Fit curve to two lines

Question

I'm currently making a mobile game. Using two "connected" lines, I'd like to find the equation for the curve that fit these. The curve would model the trajectory of a projectile. How do i fit a cubic function to the two "connected" lines?

Answer 1

Assume $p_1=(x_1,y_1)$ and is the left point,$p_2=(x_2,y_2)$ and is the right point, $m_1$ is the slope of the line through $p_1$, and $m_2$ is the slope of the line through $p_2$.
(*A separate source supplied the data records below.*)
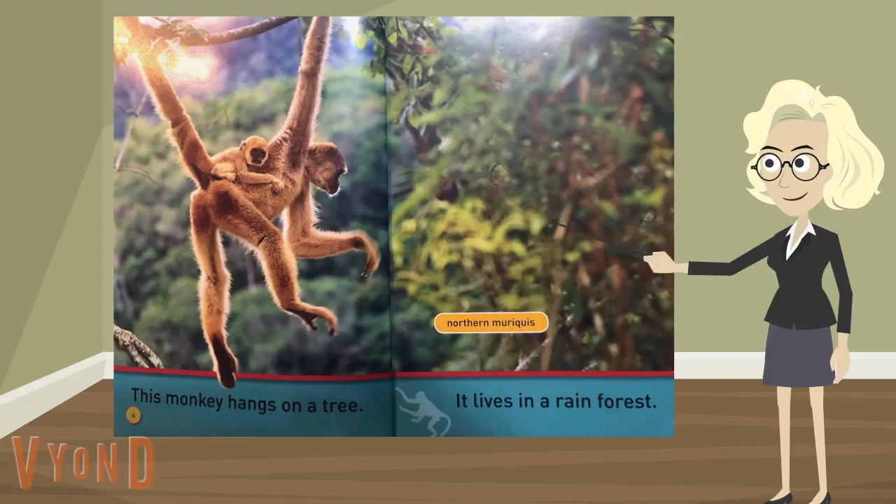Let's look at pages 4 and 5 in Hang on Monkey. Let's study the page, remembering that this one page — any one page — can make us smarter about the topic, about monkeys.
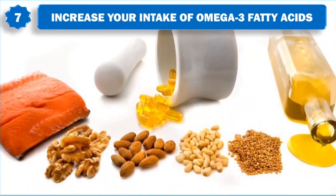Increase your intake of omega-3 fatty acids. Omega-3 fatty acids used on the scalp have been shown to increase the numbers of hair strands. Increasing the amount of omega-3 fatty acids in your diet may also be useful for hair loss.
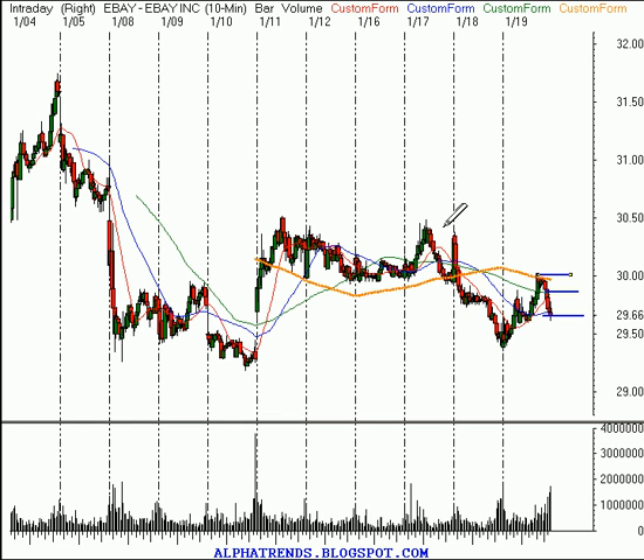So the question is: would you risk $0.40 shorting eBay for the opportunity to make $1.15?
Solve the equations for $\{a_0,a_1,a_2,a_3\}$: $$\begin{align} a_0x_1^3+a_1x_1^2+a_2x_1+a_3&=y_1\\ a_0x_2^3+a_1x_2^2+a_2x_2+a_3&=y_2\\ 3a_0x_1^2+2a_1x_1+a_2&=m_1\\ 3a_0x_2^2+2a_1x_2+a_2&=m_2 \end{align}$$

The first two equations will give you a set of values of $\{a_0,a_1,a_2,a_3\}$ such that the cubic $a_0x_1^3+a_1x_1^2+a_2x_1+a_3$ goes through $p_1$ and $p_2$.

The last two equations take the slope of the two lines in consideration by finding the derivative of the cubic.

Also, as Hikaru said in the comments, check out Bézier Curves. They come up a lot in computer programming, animation, etc.

Answer 2

At time $t=0$ you are in point $P_0$ and have velocity $v_0$.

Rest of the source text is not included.